#### Given data
..........

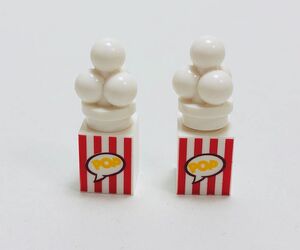 【新品未使用】レゴ　LEGO　ポップコーン　2個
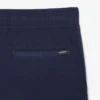 Stretch katoenen twill chino-short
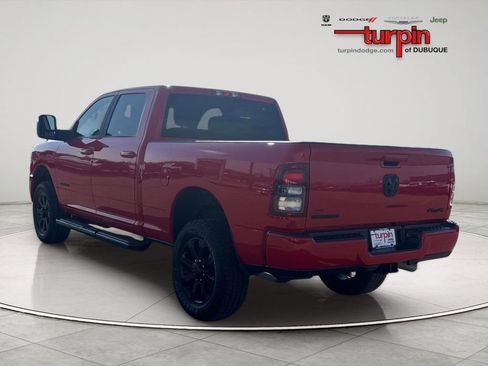 Used 2024 RAM 2500 Big Horn w/ Night Edition AWD/4WD image 3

..........

#### What you have to do
Output the material word for word, and keep the pictures out.

#### Response
 【新品未使用】レゴ　LEGO　ポップコーン　2個
 Stretch katoenen twill chino-short
 Used 2024 RAM 2500 Big Horn w/ Night Edition AWD/4WD image 3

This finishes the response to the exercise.